A healthy population is the common goal of any community yet achieving this can be a complex task. We must prevent disease as much as possible, improve the quality of our treatments, and make the systems through which we disseminate these tools much more efficient — all at the same time. Even if we succeed at this, not all of our population will benefit, due to issues with healthcare access. This is where health equity plays a critical role in overall population health.
The CDC defines health equity as “when every person has the opportunity to “attain his or her full health potential” and no one is “disadvantaged from achieving this potential because of social position or other socially determined circumstances.” While this may seem straightforward, the data shows that the US is far from this reality. It is critical for all stakeholders to do their bit to realize health equity; for us, this means tackling the substantial disparity in access to credit.
Healthcare Costs Disproportionately Affect Diverse Populations
The financial side of healthcare has more ramifications than people may realize. Economic stability is one of the five domains of social determinants of health (SDoH), alongside education access and quality; healthcare access and quality; neighborhood and built environment; and social community and context. SDoHs regularly impact diverse populations differently than historically privileged groups. Those living in food deserts might struggle to obtain adequate nutrition, while underprivileged regions might have poorer schools and subsequently less robust education.
Of all the SDoHs, economic stability plays a clear role. Healthcare is expensive for everyone, but often prohibitively so for those without insurance or savings. Being in good financial health can improve someone’s health equity, by allowing them to pay for access to healthcare and ultimately improve their physical health. Unfortunately, recent data from the Financial Health Network found that financial health declined in 2022 for the first time in five years, with only 31 percent of respondents reporting as “financially healthy.” The demographic with the greatest decrease in financial health were Black people, dropping from 21 percent to 15 percent in one year.
This economic instability has a direct impact on healthcare. Research from the Kaiser Family Foundation (KFF) shows that roughly half of U.S. adults report difficulty in affording health costs, while four in ten “have delayed or gone without medical care in the last year due to cost.” Within that group, a disproportionate number of Black and Hispanic adults, uninsured adults, and lower-income adults were impacted by higher health costs. This disparity was also found among those who reported high medical debt (41 percent of respondents).
Lack of Credit Negatively Impacts Healthcare and General Wellbeing
One challenge in improving healthcare access is that many underprivileged populations still struggle to gain access to financial credit — even when they are insured. While the overall number of insured Americans is rising, this isn’t a fix on its own. A 2022 survey from the Commonwealth Fund reported that 43 percent of working-age adults are “inadequately insured,” 9 percent were uninsured; 11 percent had experienced a gap in coverage over the last year; and 23 percent were “underinsured,” meaning their coverage didn’t give them adequate access to healthcare.
In fact, KFF found that more than a third of those with insurance (37percent) had had to forgo a recommended test or treatment due to a prohibitive cost.

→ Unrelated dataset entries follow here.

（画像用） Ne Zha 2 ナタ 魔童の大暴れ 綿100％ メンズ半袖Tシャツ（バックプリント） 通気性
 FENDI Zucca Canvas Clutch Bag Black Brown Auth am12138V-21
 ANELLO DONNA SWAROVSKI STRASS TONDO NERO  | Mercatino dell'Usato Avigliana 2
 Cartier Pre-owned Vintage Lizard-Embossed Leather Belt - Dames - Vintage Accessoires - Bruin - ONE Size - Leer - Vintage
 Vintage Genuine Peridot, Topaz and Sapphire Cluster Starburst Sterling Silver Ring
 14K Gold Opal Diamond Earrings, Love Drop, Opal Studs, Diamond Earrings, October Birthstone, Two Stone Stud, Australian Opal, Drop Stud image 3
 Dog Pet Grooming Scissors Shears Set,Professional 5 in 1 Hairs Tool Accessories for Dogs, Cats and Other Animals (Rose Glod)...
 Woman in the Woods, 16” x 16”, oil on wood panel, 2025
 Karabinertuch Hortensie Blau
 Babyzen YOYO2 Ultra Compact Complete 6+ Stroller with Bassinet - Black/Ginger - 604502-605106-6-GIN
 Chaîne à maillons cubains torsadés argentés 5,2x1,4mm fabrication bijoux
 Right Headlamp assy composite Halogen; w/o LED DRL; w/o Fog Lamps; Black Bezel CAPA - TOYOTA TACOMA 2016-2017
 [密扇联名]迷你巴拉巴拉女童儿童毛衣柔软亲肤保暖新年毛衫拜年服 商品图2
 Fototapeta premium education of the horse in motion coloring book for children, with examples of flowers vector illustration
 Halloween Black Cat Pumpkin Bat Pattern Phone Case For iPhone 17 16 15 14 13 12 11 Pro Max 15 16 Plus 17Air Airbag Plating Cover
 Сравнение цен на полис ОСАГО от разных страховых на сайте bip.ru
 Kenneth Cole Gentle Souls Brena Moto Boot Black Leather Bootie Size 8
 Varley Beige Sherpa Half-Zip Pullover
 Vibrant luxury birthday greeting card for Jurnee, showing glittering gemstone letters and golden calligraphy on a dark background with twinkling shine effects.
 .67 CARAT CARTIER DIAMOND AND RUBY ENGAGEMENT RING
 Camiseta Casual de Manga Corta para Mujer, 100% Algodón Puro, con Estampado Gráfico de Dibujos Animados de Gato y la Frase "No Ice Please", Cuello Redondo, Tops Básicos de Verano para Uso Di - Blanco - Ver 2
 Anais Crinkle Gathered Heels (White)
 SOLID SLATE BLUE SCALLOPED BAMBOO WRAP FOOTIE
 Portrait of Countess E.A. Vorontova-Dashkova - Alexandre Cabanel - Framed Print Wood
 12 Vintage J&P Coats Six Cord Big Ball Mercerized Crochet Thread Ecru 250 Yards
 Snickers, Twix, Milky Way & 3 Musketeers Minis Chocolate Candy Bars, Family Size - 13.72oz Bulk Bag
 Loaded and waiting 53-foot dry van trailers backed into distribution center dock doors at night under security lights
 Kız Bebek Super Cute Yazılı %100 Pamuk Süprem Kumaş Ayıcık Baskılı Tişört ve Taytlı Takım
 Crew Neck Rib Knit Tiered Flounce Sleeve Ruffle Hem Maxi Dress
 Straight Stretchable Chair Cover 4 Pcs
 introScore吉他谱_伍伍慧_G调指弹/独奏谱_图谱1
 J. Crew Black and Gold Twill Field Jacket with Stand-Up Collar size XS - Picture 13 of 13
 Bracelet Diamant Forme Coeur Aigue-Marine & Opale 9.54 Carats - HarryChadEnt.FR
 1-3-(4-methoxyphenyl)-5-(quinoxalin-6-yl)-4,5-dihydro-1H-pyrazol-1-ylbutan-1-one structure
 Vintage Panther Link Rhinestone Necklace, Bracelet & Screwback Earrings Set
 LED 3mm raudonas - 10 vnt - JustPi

Excessive out-of-pocket costs hit those with both individual health plans and with employer-sponsored health plans, at almost equal rates of nearly 40 percent and nearly 30 percent respectively. This is because some insurance benefits don’t cover a lot of routine procedures or co-pays, while others may require very high deductibles before the insurance provider will pay out. Even worse, some patients may not be approved for the full credit value of their plan, forcing them to find other methods of payment.
These high numbers may be tied to the patient’s own credit score, particularly if they are on an individual plan. Not only does this punish those who are already less economically stable, but it could push their credit score even lower by forcing them to borrow money and incur debt. The Pew Trust reports that two-thirds of those underinsured or with a gap in coverage had struggled with medical bills, forcing them to take on debt or make other financial sacrifices. This perpetuates a vicious cycle where a single medical emergency can ruin a family’s financial standing.
Innovating Health Insurance Benefits to Achieve Health Equity
Patients aren’t the only ones incurring debt; so are hospitals. This means that bills can’t simply be written off, without severe detriment to the healthcare provider. Fortunately, there is another solution, and it lies with the insurance coverage itself.
For Health Payment Systems, Inc. (HPS), one potential solution to this perfect storm is innovating health insurance benefits to achieve health equity. Many employers offer benefits plans that are cost effective for their bottom line, without giving too much consideration to how these plans work in practice for their employees. An easy step for employers is to make sure their staff has equal access to healthcare, regardless of income or other socioeconomic factors, and simplified billing so they understand their coverage and costs.
For example, through our PayMedix system, all patients, regardless of income or individual credit rating, receive the financial security of guaranteed credit, up to their out-of-pocket maximum. And providers and hospitals are guaranteed up-front payment. We provide a single billing statement that aggregates all medical bills and explanations of benefits (EOBs), eliminating confusion for patients, offering providers easier billing processes, and reducing hospital bad debt.
Credit worthiness should not be a factor in accessing healthcare. By ensuring that all employees can access the full benefits of their insurance, we can take a significant step towards true health equity.
The author, Brian Marsella, is President of HPS/PayMedix.